Granted, Pettitte handled everything pretty professionally for the way he owned up to using PEDs to recover from an injury. What also is an incomplete part of this whole saga is the notion that he may have to testify against Roger Clemens one day. Pettitte literally could be all that separates Roger Clemens from prison. (Imagine how agonizing it would be to know you could send your idol to jail.)

But now we must examine why the Yankees would bring back a .500 pitcher with a plus 4.50 ERA back into the mix. This seems like it could be a recipe for disaster if Pettitte doesn’t pitch well or gets hurt.

But here’s why he’ll most likely be back.

First of all, the Yankees don’t have the cold, calculating ownership that Boston has. If Pettitte were in Boston he simply wouldn’t be back because Theo Epstein doesn’t let emotion get involved in his decision making. He’s cold-blooded!

Don’t believe me; ask Nomar Garciaparra and Manny Ramirez, two ridiculously popular Red Sox players that were shipped out of town when they were causing trouble for Boston. Johnny Damon wasn't brought back after all he did for Boston.

This is also the same guy that let Pedro Martinez walk after their 2004 World Series win! Hell, he might even let Curt Schilling walk after paying 8 million dollars to blow out his shoulder and he helped Boston get two World Series victories.

Also, it goes without saying, but I will say it anyways: Theo Epstein is making Cashman look like a moron quite a bit these days!

Secondly, the Yankees simply don’t have the depth in their farm system and team to be able to not resign him Pettitte. It’s more out of necessity that the Yankees will bring Pettitte back (if they do of course.)

The Yankees will also rely heavily on Mike Mussina who managed to turn his career around this season and win 20 games for the first time in his career.

It’s also why they gave an overrated Roger Clemens a pro-rated 28 million dollar contract to win 6 games for them last year. The Yankees are paying heavily for their poor drafts and the mistakes they’ve made because of the Steinbrenner paradigm that stripped the farm system bare for years.

If Phil Hughes and Ian Kennedy had stepped up the way Brian Cashman thought they would (and the way he staked his reputation that they would) Pettitte would be expendable if both of these pitchers had thrown about 140-150 innings and won 13-15 games.

Also, what should scare Yankees fans is that they had a horrible draft this year not nailing down their 1st and 3rd round picks (who were both pitchers) to any deal whatsoever. (I wonder when Damon Oppenheimer will start feeling the heat from Cashman for some of the choices he made.)

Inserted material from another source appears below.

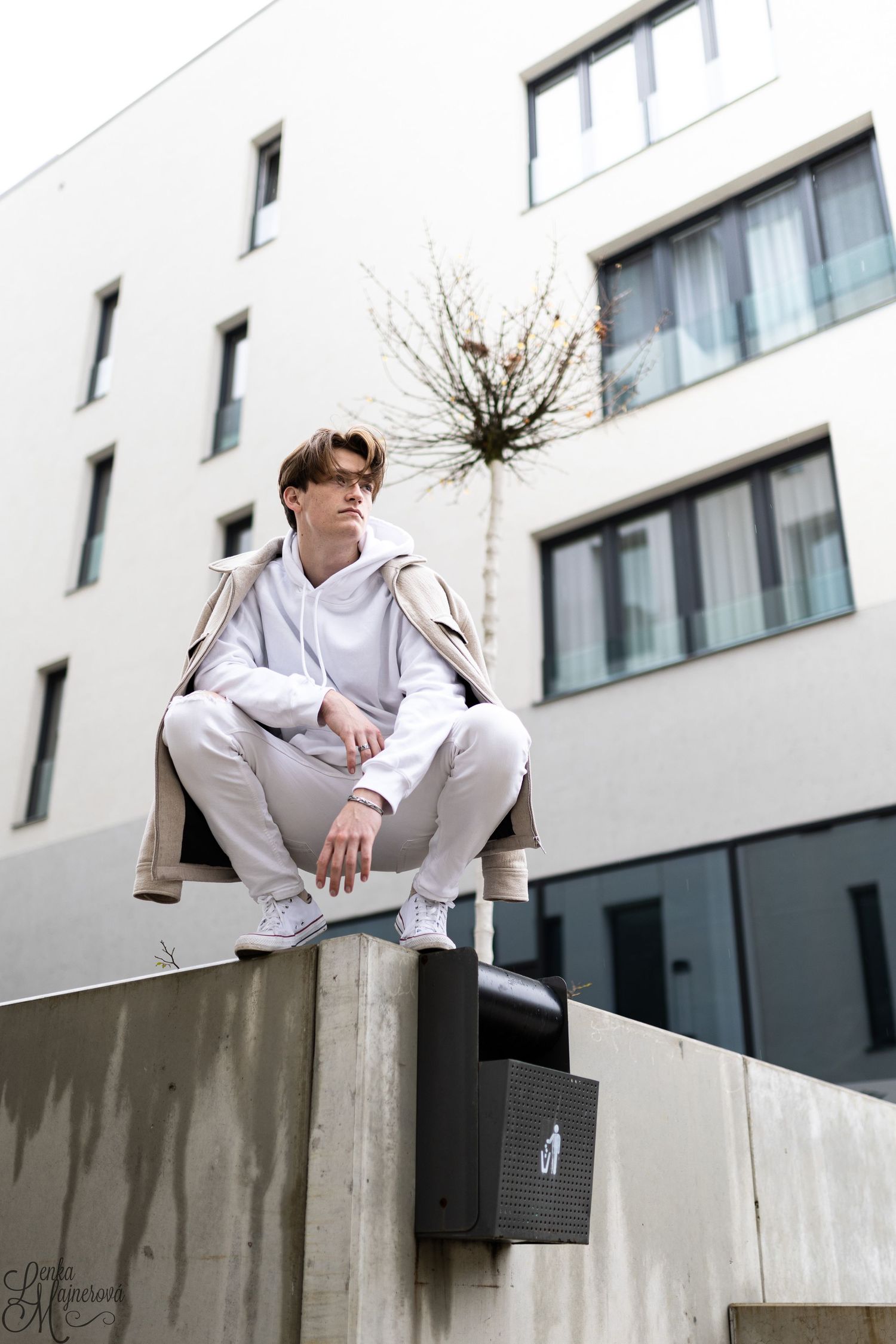 Person in white outfit sitting on concrete wall near modern building.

So, realistically, here’s the possible rotation for New York next year: Pettitte, Mussina, Hughes, Wang, Chamberlain, Burnett and Sabathia. And Kennedy could sneak in there at some point. It could be any mix of those five. And with injuries the way they are, especially to the Yankees, they could need all of those starters just to plow through the regular season. Even with all of those players, they may not make the playoffs!

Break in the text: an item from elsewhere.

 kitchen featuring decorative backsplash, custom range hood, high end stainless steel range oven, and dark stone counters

Lastly, many Yankees fans don’t want to part with Pettitte yet. He did win the last game in Yankee Stadium ever. He’s been a beloved fixture on this team for quite some time now. If her were to go, it would be another jarring example of how long ago the Yankees were dominant and how far gone the late 1990’s are.

It’s sad in a way that Yankees fans feel this way, but they do. Pettitte will always have a special place in the hearts of Yankees fans for his gem that he pitched against Smoltz in the 1996 World Series. He’ll always be remembered for the way that he won Game 2 of the 2003 ALCS and the way that he was professional and accountable.

But more than anything: The Yankees should know that bringing Pettitte back is no slam-dunk to be successful. The wheels looked like they were falling off at the end of the season.

Maybe he comes back rejuvenated because he doesn’t have to answer for the Mitchell Report and he can have a whole off-season to train, prepare and get ready and not have the mental burden of what happened last off-season. Or maybe, midway through the year the Yankees realize they made a mistake bringing him back. It could really go either way!